For the past few years, the use of array comparative genome hybridization (aCGH) offered a substantial improvement in preimplantation genetic screening (PGS), increasing the number of tested chromosomes from a handful to 24 chromosomes. Unfortunately, his seemingly improved technology came at a cost since aCGH is estimated to have at least 2% error rate.
What makes array CGH prone to errors?
Array CGH is an indirect measurement as it relies on hybridization signals. During the hybridization process, clinical samples are labeled with a fluorescent dye and then hybridized against an array of known chromosome regions. Signals coming from each array are then scanned and analyzed using normal male and female references.
One key limitation of array CGH and other hybridization techniques is the susceptibility to signal saturation. In the case of PGS, hybridization signals arising from multiple chromosomes are beyond the aCGH sensitivity level, thus preventing the detection of polyploidy which is the presence of more than the two normal sets of chromosomes.
A second technical limitation of aCGH is detection of sex chromosome abnormalities such as Triple X (XXX), Klinefelter (XXY), or XYY syndromes. While failure to detect Triple X is due to the saturation issue, the limited detection of XXY and XYY syndromes is a result of aCGH’s limited sensitivity in Y chromosome detection.
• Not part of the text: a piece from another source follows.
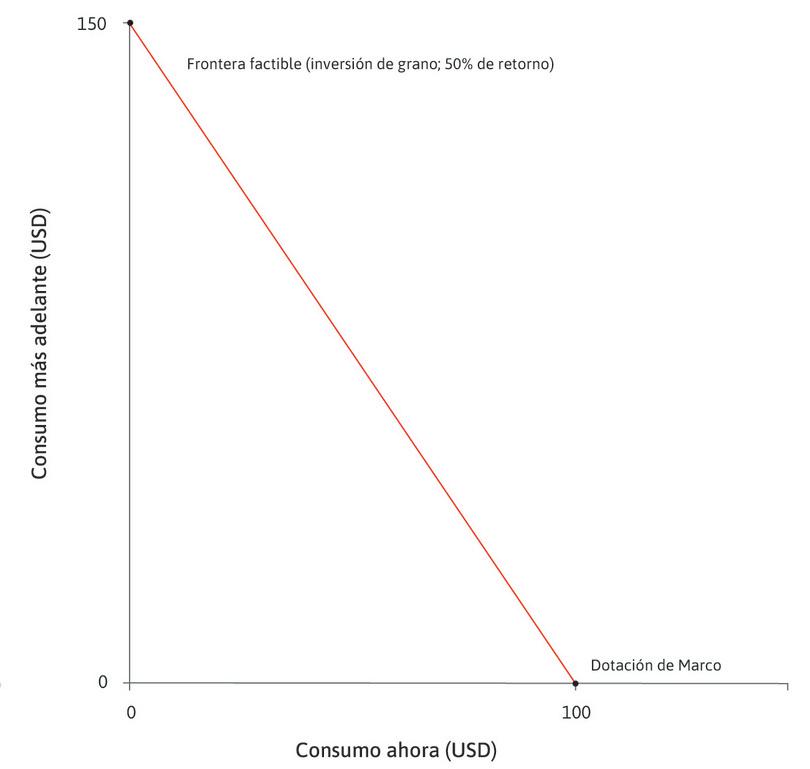 El retorno de la inversión.
: Si Marco invirtiera todo su grano, podría cosechar 150 dólares en grano más tarde.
The Y chromosome is relatively small compared to the X chromosome and it is riddled with repetitive sequences which present challenges for probe design and detection using aCGH. Considering this, it is not surprising that gender selection by aCGH is sometimes inconclusive due to the same effect.
Impact on IVF outcome
Misdiagnosis reduces implantation and pregnancy success rates, and it is linked to the transmission of genetic disorders to newborns, not to mention a psychological and financial impact on patients. For this reason, clinicians, researchers, and IVF professionals are constantly searching for new diagnostic tools with higher accuracy and lower cost for patients.
Alternative and Future Trend
Next Generation Sequencing has revolutionized the field of genetic testing, and preimplantation genetic diagnosis is not an exception. Today, with recent technology improvements, NGS is a practical and affordable option for IVF centers that demand faster, more reliable, and more accurate testing for their clients. In contrast to aCGH, Next Generation Sequencing provides direct sequencing of actual embryo DNA at single nucleotide level, providing coverage, sensitivity, and precision superior to any existing technology.